Work task: In the records below, find the line that contains "Carte postale de" and the line that contains "10K Yellow Gold", then retype exactly those two lines and every line between them.

Input:
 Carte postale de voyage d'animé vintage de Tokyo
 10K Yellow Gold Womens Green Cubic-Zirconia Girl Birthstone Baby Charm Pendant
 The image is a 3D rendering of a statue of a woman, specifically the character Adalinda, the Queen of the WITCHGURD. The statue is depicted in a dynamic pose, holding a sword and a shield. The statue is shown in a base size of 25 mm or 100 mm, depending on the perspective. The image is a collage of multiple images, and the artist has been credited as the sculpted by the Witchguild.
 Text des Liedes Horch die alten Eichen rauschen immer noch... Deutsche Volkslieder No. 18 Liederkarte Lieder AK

* * *

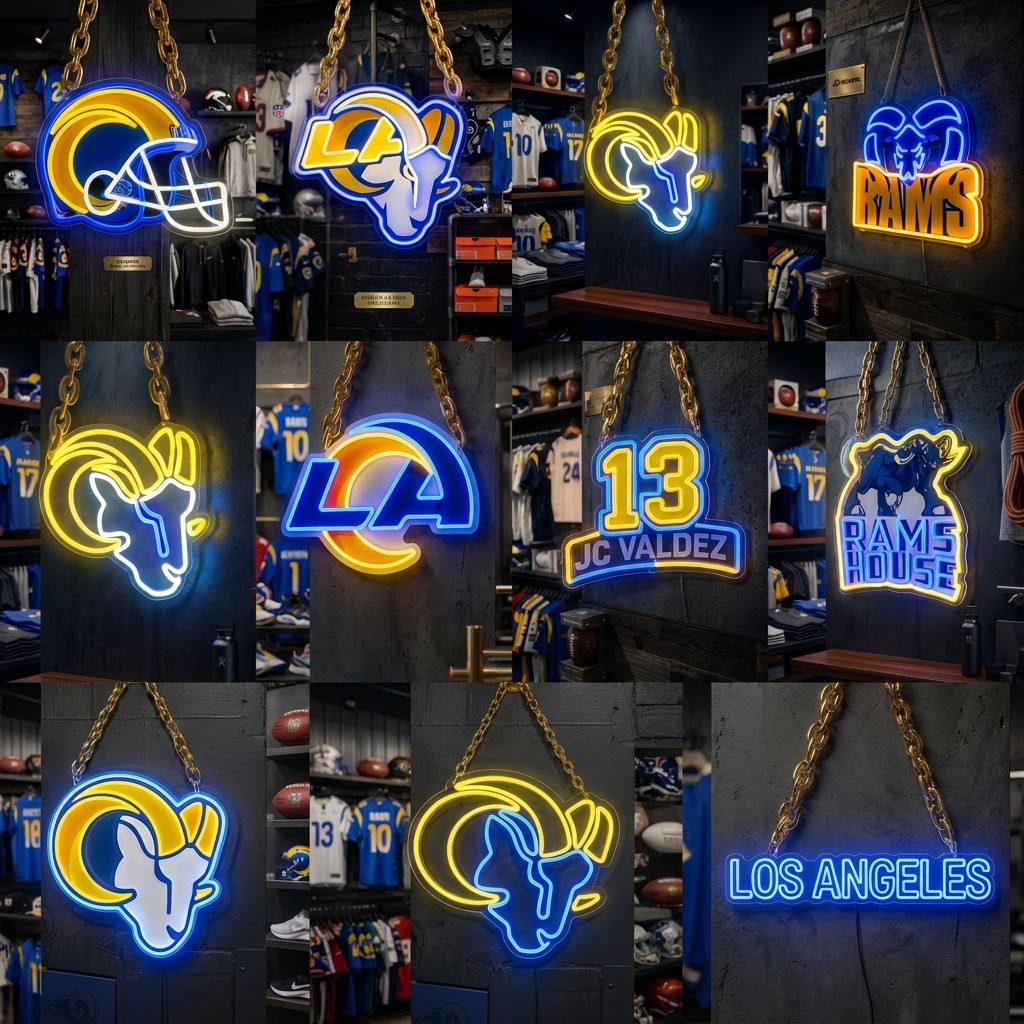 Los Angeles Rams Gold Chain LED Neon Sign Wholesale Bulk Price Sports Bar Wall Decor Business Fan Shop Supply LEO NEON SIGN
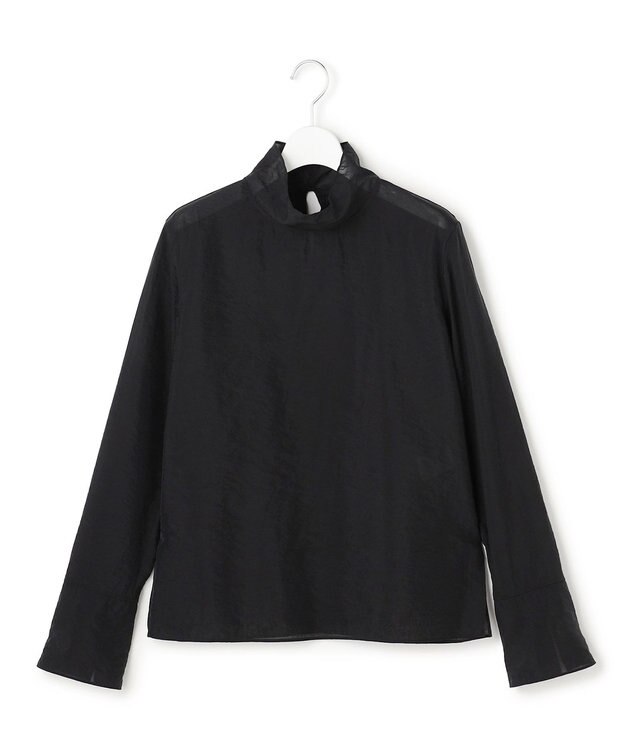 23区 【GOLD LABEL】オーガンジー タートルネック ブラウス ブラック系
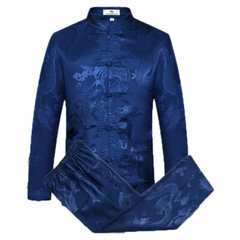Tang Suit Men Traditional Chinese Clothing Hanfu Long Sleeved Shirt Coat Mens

--

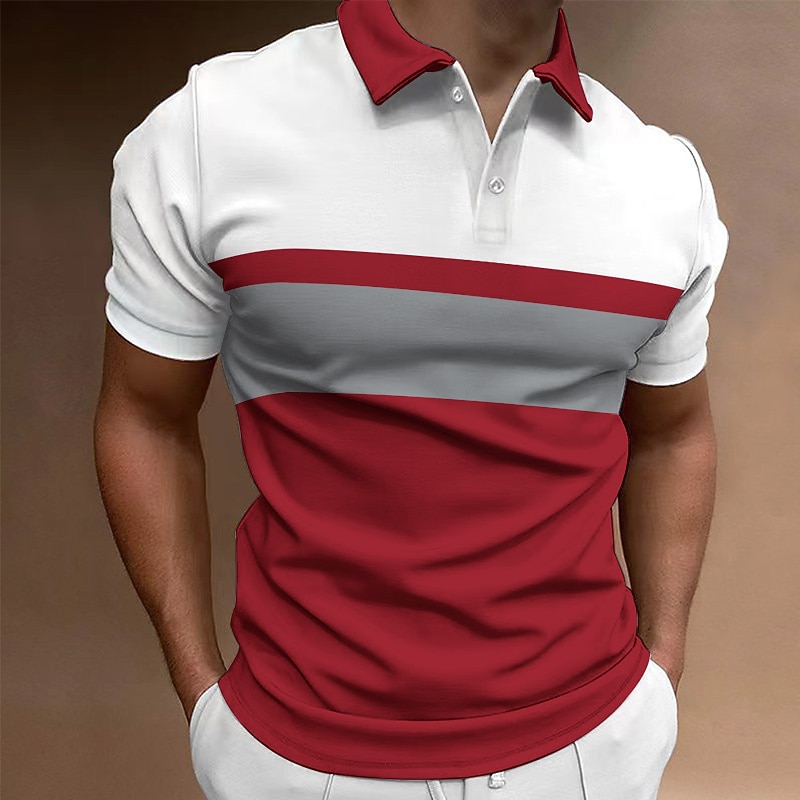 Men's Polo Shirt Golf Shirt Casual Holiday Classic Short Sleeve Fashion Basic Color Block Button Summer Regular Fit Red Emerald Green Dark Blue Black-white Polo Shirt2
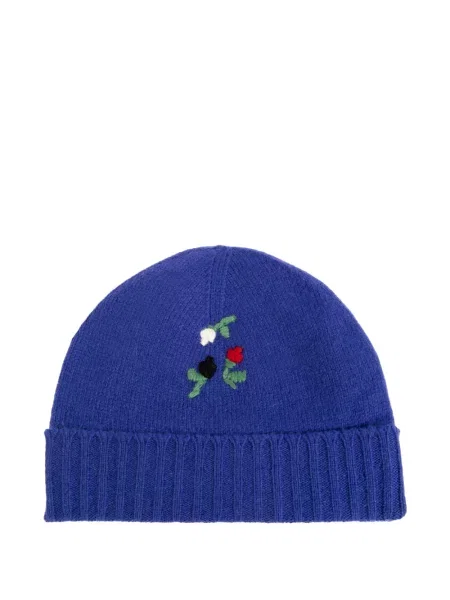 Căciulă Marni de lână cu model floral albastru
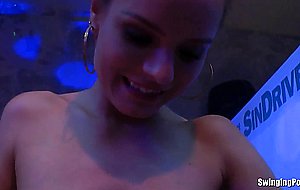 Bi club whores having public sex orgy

Response to the task:
 Carte postale de voyage d'animé vintage de Tokyo
 10K Yellow Gold Womens Green Cubic-Zirconia Girl Birthstone Baby Charm Pendant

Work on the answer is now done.